Robust Order Book To Drive Growth; Retain BUY

Est. Vs. Actual for Q3FY26: Revenue – BEAT; EBITDA Margin – MISS; PAT – BEAT

Change in Estimates post Q3FY26 (Abs)

FY26E/FY27E: Revenue: 14%/12%; EBITDA: 4%/3% PAT: 14%/10%

Recommendation Rationale

• Strong & Well-diversified Order Book Ensuring Revenue Visibility: The company’s order book position, including L1 projects, stands at Rs 24,965 Cr, comprising Roads, Railways, Transmission, Telecom/Optical Fibre, and Tunnel works, providing healthy revenue visibility for the next 24–36 months. A pick up in revenue is due to the oil & gas sector, and it is expected to contribute further Rs 1,000 Cr in FY27. We expect revenue to grow at 17% CAGR over FY25–FY27E.

• Order Inflow to Pick Up in Q4FY26: For 9MFY26, the order inflow stood at Rs 4,800 Cr and project awarding activity is expected to gain momentum. The management is expecting total order inflow of Rs 10,000 Cr in FY26 and Rs 20,000 Cr in FY27. As per the updated guidelines from the MLA and the Ministry, the qualification norms and project sizes have been enhanced. The management remains confident of meeting its inflow target, supported by a strong execution track record and diversified capabilities.

• Robust Tender Pipeline Supported by Balanced Segment Exposure: The bidding pipeline remains robust at more than Rs 1 Lc Cr in Highway projects and Rs 2 Lc Cr from Railways projects. Management has already bid for Rs 16,000 Cr in highway projects and Rs 4,000 Cr in tunnel and hydro, and plans to bid in projects worth Rs 20,000 Cr in the Oil & Gas sector.

Sector Outlook: Cautiously Positive

Company Outlook & Guidance: The company has revised its guidance for revenue growth to be around Rs 3,000 Cr in Q4FY26 and expects 10%-15% growth in FY27. EBITDA margins are revised from11-13% to be around 11-12%.

Current Valuation: 10.5x FY27E EPS (Earlier Valuation: 10.5x FY27E EPS) and HAM, BOT, and transmission assets at 1x book value.

Current TP: Rs 1,540/Share (Earlier TP: Rs 1,420/share)

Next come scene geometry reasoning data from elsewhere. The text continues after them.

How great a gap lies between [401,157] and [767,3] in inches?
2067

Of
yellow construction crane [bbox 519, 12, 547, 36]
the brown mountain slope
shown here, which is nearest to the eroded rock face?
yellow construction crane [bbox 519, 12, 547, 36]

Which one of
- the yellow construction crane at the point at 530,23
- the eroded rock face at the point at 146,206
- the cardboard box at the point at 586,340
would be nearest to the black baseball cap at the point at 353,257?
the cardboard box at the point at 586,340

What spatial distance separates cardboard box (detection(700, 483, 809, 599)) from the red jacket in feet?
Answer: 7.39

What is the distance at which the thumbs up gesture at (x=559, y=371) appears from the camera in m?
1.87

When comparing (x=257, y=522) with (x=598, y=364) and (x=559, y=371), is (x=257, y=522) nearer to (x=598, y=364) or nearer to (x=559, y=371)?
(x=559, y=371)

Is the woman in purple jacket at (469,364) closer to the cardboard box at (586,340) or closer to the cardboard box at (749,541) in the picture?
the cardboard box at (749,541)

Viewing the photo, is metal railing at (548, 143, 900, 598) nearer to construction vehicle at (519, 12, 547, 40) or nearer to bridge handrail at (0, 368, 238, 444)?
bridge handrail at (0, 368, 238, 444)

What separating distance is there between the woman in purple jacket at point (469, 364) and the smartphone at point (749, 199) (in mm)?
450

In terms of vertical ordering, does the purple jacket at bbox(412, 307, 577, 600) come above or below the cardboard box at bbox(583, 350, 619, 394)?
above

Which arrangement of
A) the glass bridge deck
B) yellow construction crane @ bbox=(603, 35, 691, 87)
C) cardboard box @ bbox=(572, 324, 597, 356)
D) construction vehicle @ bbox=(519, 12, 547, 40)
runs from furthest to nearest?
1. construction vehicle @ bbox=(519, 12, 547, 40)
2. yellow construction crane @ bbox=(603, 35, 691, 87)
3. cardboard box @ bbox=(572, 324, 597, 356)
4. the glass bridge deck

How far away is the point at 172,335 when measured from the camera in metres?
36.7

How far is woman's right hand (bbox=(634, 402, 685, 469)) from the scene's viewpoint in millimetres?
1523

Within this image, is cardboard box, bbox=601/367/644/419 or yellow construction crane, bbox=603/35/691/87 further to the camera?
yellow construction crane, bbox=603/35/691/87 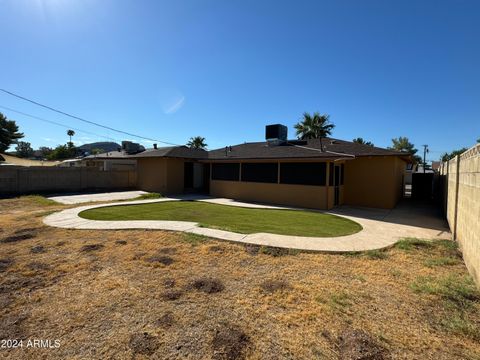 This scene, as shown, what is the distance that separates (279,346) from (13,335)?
9.93 ft

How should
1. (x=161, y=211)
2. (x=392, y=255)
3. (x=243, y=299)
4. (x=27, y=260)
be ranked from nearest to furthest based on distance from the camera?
(x=243, y=299), (x=27, y=260), (x=392, y=255), (x=161, y=211)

Recommendation: We maintain our BUY rating on the company.

Financial Performance

GR Infraprojects Ltd. (GRIL) reported in Q3FY26 revenue of Rs 2,039 Cr, up 36% YoY, the increase in revenue is primarily on account of execution in oil & gas, power and transmission. The company reported EBITDA of Rs 206 Cr, up 7% YoY, and PAT of Rs 232 Cr, up 38% YoY. EBITDA margins for Q3FY26 were reported at 10.1%, compared to our estimate of 11.4% and 12.8% in Q3FY25. The decrease is due to one-time claims income of Rs 38 Cr, recognised in Q3FY25. Outlook: GRIL anticipates strong order inflows, underpinned by a robust bidding pipeline across multiple sectors, particularly in EPC and HAM projects led by NHAI. Beyond roads, the company is actively exploring opportunities in railways, ropeways, T&D, and telecom segments, which present significant growth potential. This diversified project portfolio is expected to enable GRIL to leverage its execution capabilities across various infrastructure domains and capitalise on the sector’s upcoming expansion.

Valuation & Recommendation

The stock is currently trading at an implied PE of 11x/10x FY26E/FY27E EPS. We value the stock at 10.5x FY27E EPS and maintain a BUY rating on the stock with a target price of Rs 1,540/share, implying an upside of 55% from the CMP.